To illustrate differently, it seems that OpenTSDB calls this “downsampling”: http://opentsdb.net/docs/build/html/user_guide/query/index.html#downsampling

Thank you,

Thomas

Hi Thomas, I’m very confused by what you are trying to do. Can you describe how this is different than Druid’s concept of rollup?

Hello Fangjin,

Basically I would like to rollup on the timestamp dimension using an operator “max” and rollup on other dimensions using an operator “sum”.

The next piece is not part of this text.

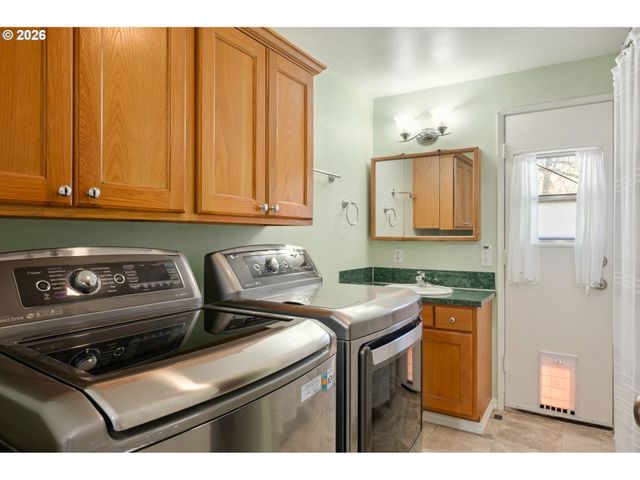 41536 MCKENZIE Hwy, Springfield, OR 97478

From what I understood, in a Druid query you specify an operator and it is used to do the rollups on all dimensions (timestamp and others).

For instance

{
“queryType”: “groupBy”,
“dataSource”: “XXX”,
“granularity”: “hour”,
“aggregations”: [ {“type”: “longSum”, “name”:“metricAgg”, “fieldName”: “metric”} ],
“intervals”: [ “XXX” ]
}

``

will sum all the points in the same hour interval (so sum on the timestamp dimension to get “hour” granularity and sum on the other dimensions because not specified in “dimensions”).

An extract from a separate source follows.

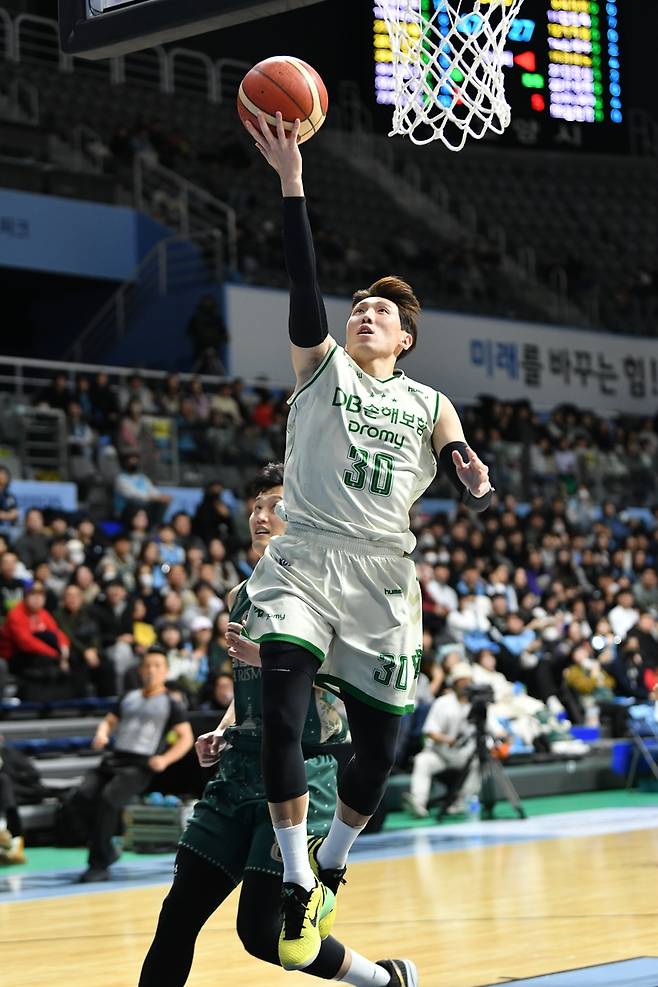 23일 소노와 경기에서 레이업을 시도하는 DB 두경민 [KBL 제공. 재판매 및 DB 금지]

What I would like is something like

{
“queryType”: “groupBy”,
“dataSource”: “XXX”,
“granularity”: “hour”,
“granularityAggregation”: “longMax”,
“aggregations”: [ {“type”: “longSum”, “name”:“metricAgg”, “fieldName”: “metric”} ],
“intervals”: [ “XXX” ]
}

``

which would

  1. rollup to “hour” granularity by taking the max for each dimensions combination (in my example above it results in 2 data points: 11:00 server=server1 24 and 11:00 server=server2 42)
  2. rollup other dimensions not in the “dimensions” list of the query by doing the sum (in my example rollup the “server” dimension so just one data point in the end: 11:00 66)

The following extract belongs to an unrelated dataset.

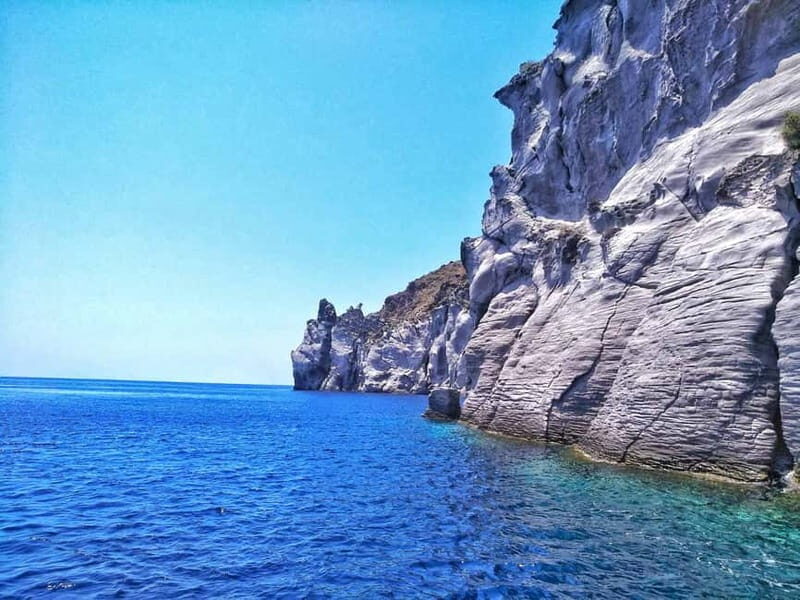 Private, fully customizable cruise in Santorini's caldera - FAQs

To do this in OpenTSDB, I would run

/api/query?start=48h-ago&m=sum:1h-max:metric

``

Thanks,

Thomas

Hi Thomas,

If I understand correctly, you have rows with a “server” dimension and a “num_connections” metric representing active connections at a given instant, and you want to:

  • Find the max “num_connections” per-server in each time bucket

  • Sum these max “num_connections” values across servers per time bucket

Would the following query be suitable for your use case?

inner query:

{

“queryType”: “groupBy”,

“dataSource”: “XXX”,

“granularity”: “hour”,

“dimensions”: [“server”],

“aggregations”: [ {“type”: “longMax”, “name”:“max_connections_per_server”, “fieldName”: “num_connections”} ],

“intervals”: [ “XXX” ]

}

outer query:

{

“queryType”: “groupBy”,

“dataSource”: (use type = “query”, insert inner query from above here),

“granularity”: “hour”,

“dimensions”: ,

“aggregations”: [ {“type”: “longSum”, “name”:“max_connections_total”, “fieldName”: “max_connections_per_server”} ],

“intervals”: [ “XXX” ]

}

You may also be interested in checking out PlyQL for expressing queries in SQL:

https://github.com/implydata/plyql

Thanks,

Jon